■ **ASSIGNED TASK**
Pictures excluded, please transcribe exactly the lines from the one with "CE Manual Step for SUV and Caravan" through the end of the records below, and nothing more.

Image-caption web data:
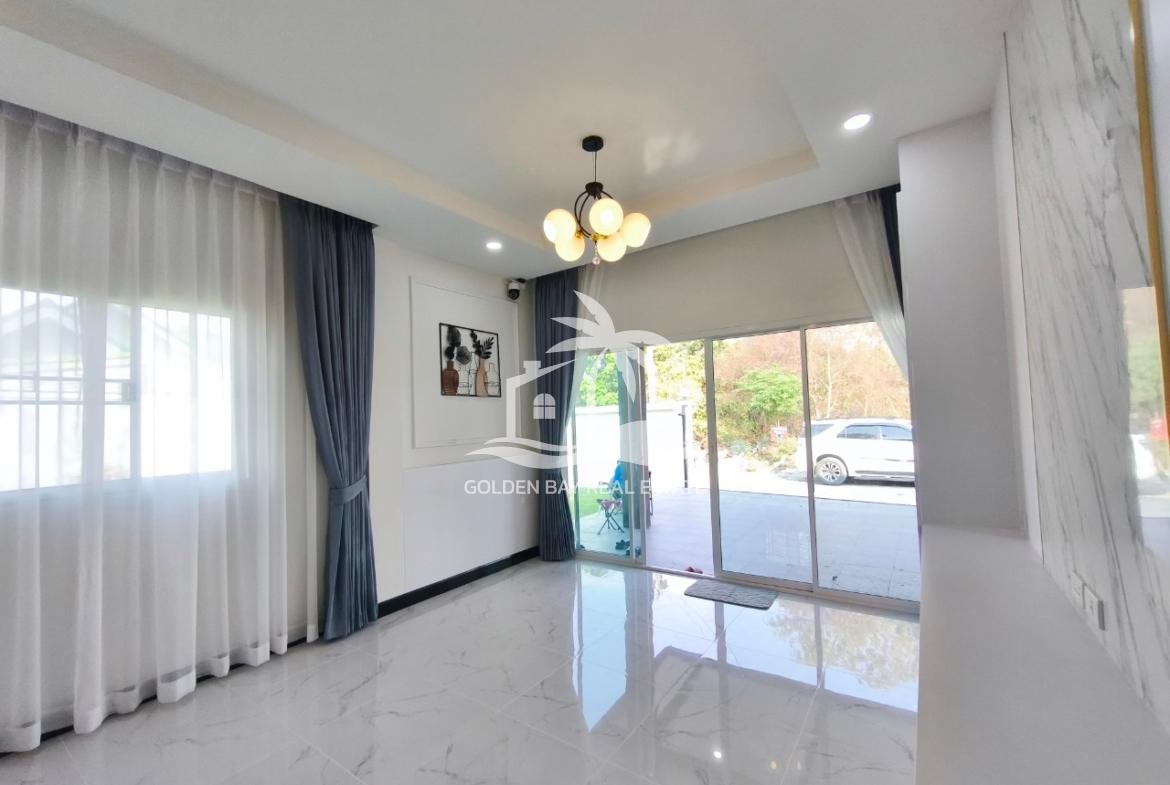 Private House at Mabtato – East Pattaya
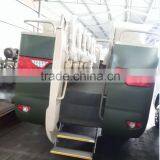 CE Manual Step for SUV and Caravan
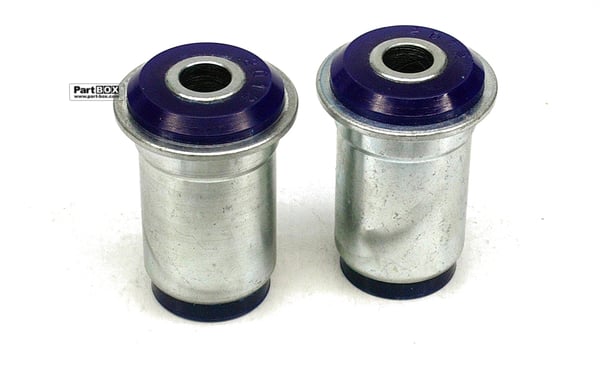 SuperPro SPF2012SK Fr Lwr Ctrl Arm Inner Bush Kit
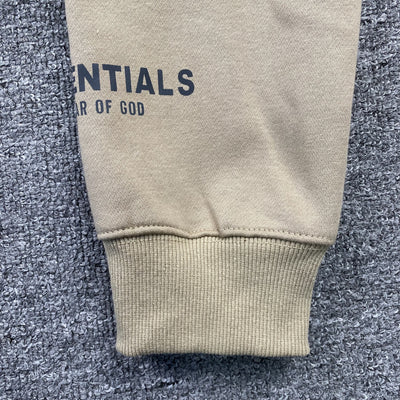 Essentials Hoodie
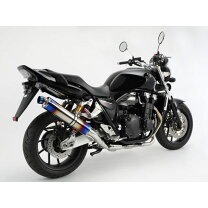 楽天市場】cb1300 スリップ オン マフラー ノジマの通販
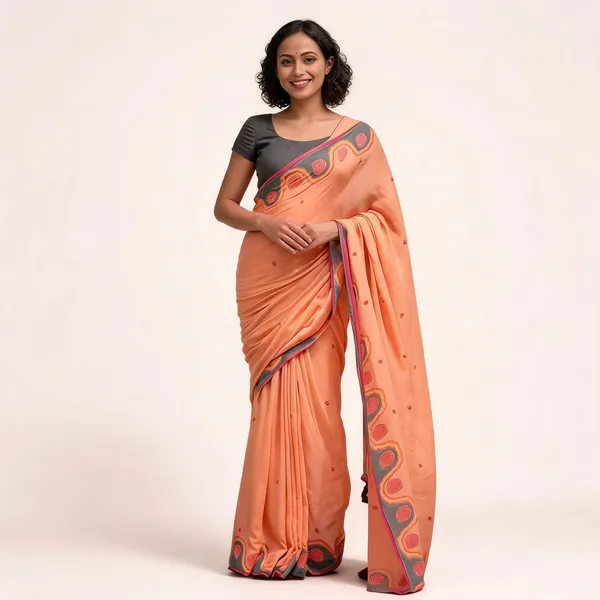 KP-W_351_New_Classic_Digital_Printed_Saree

■ **SOLUTION FOR THIS EXERCISE**
 CE Manual Step for SUV and Caravan
 SuperPro SPF2012SK Fr Lwr Ctrl Arm Inner Bush Kit
 Essentials Hoodie
 楽天市場】cb1300 スリップ オン マフラー ノジマの通販
 KP-W_351_New_Classic_Digital_Printed_Saree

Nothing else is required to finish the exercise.